Second, independent to this trial a thorough analysis has considered what threshold may be considered meaningful for different clinical measures in Alzheimer’s disease. These researchers proposed a relative improvement of >1.0 CDR-SOB, or >3-points on the ADAS-COG global cognitive measure. In CLARITY, neither the primary outcome (0.45 CDR-SOB points) or secondary outcome (1.44 ADAS-COG points) met such thresholds.

Third, the most troubling aspect was no statistically significant result –  let alone clinically meaningful outcome –  in women on the primary outcome or any clinical secondary outcome (Supplementary Figures 1-4). In other words, the headline readout was driven by positive outcomes in men and it is beyond remarkable this was not discussed in the paper. This can not be explained by a lack of statistical power and suggests a more fundamental biological interaction at the level of therapeutic potency or mechanism of action. This will need a lot of careful analysis and further investigation to sort out.

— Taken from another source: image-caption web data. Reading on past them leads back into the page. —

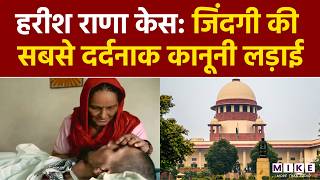 Harish Rana Case: जिंदगी की सबसे दर्दनाक कानूनी लड़ाई | Supreme Court | Euthanasia Case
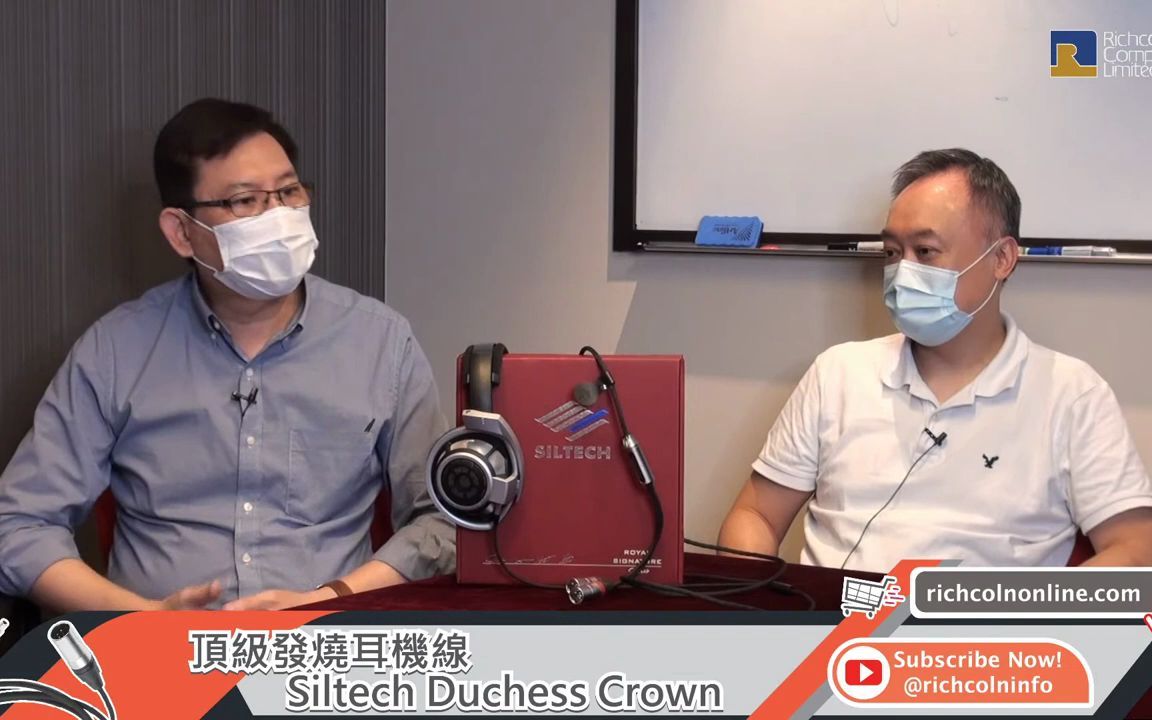 [图]顶级发烧耳机线 – Siltech Duchess Crown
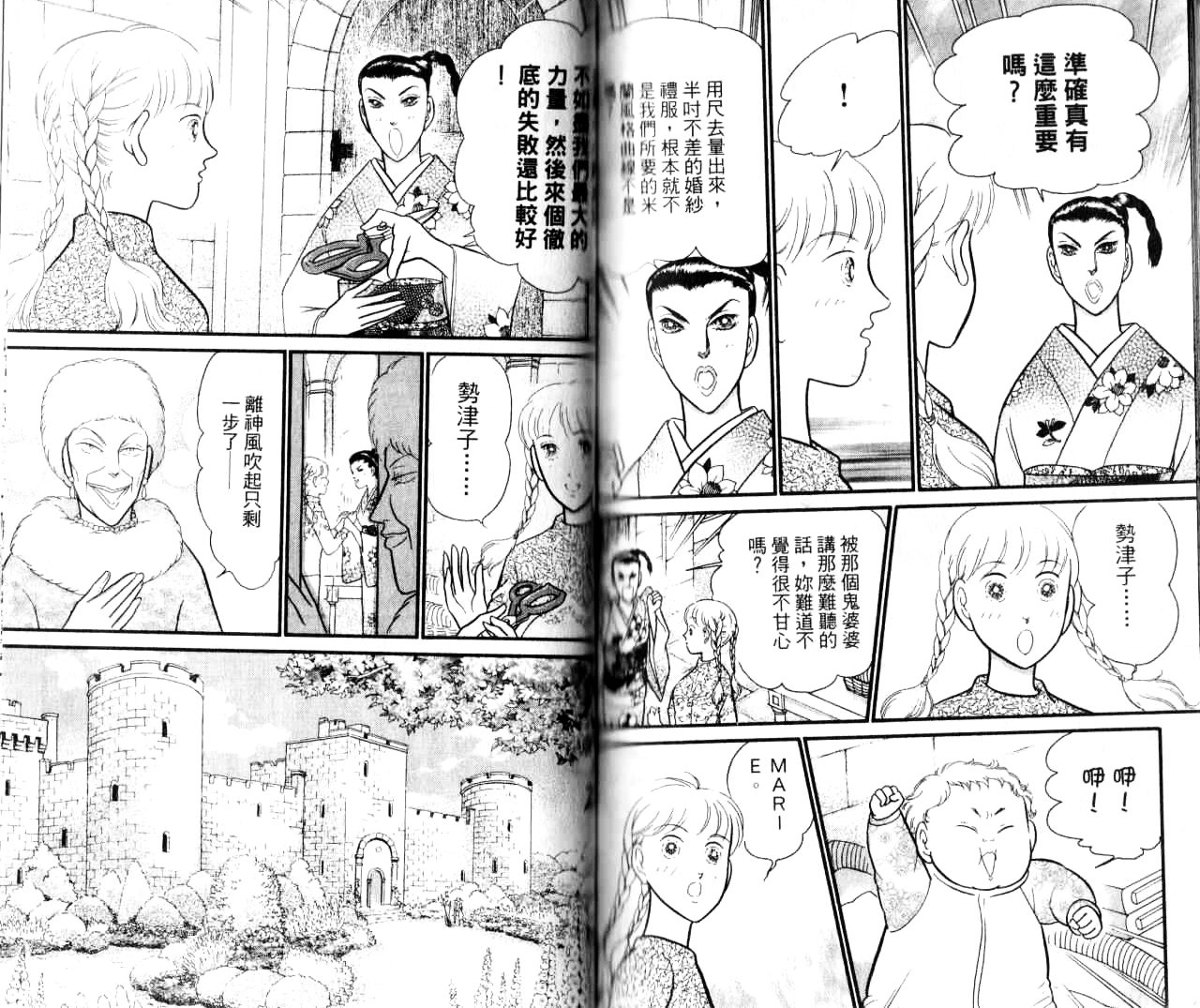 米兰梦物语韩漫全集-第16卷无删减无遮挡章节图片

Given half the target population may be non-responsive, lecanemab is going to struggle to get to the clinic.

Finally, recall these ‘meh’ results are in the face of not inconsiderable or inconsequential risk of side effects. 26% of those receiving their fortnightly IV dose experienced an infusion reaction, and a 21.5% incidence of ARIA, a form of brain imaging abnormality related to bleeding and oedema unique to those treated by anti-amyloids. Whilst most turn out to be harmless, about a quarter are clinically significant, including stroke, and in any case ARIA abnormalities need expert diagnosis and management.

Altogether, lecanemab is the most potent anti-amyloid to date but like all its therapeutic cousins has not been able to show a clinically important difference compared to placebo.